▸ **Task to carry out**: Once you find the line with "208 Espana Dr N Property Photo 1", copy it and every line after it through the end of the entries below, exactly as written.
=== Begin Enclosure ===
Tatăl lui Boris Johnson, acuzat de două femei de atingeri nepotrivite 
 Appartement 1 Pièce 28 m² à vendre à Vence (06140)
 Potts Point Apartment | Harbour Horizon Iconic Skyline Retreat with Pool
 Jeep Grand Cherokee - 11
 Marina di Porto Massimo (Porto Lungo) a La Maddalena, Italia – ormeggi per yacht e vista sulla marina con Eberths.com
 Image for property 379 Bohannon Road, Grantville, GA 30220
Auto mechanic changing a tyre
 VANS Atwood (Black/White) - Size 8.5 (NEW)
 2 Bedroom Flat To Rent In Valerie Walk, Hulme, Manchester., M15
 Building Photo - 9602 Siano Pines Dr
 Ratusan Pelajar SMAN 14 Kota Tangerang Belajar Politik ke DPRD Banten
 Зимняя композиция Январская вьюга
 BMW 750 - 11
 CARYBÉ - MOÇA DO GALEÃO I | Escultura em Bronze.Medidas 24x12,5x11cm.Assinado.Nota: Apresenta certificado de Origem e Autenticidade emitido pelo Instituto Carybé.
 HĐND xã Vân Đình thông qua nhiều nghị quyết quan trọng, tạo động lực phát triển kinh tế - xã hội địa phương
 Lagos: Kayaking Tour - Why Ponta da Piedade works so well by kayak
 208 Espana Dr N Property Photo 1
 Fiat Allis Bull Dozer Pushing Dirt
=== End Enclosure ===
▸ **Response area**:
 208 Espana Dr N Property Photo 1
 Fiat Allis Bull Dozer Pushing Dirt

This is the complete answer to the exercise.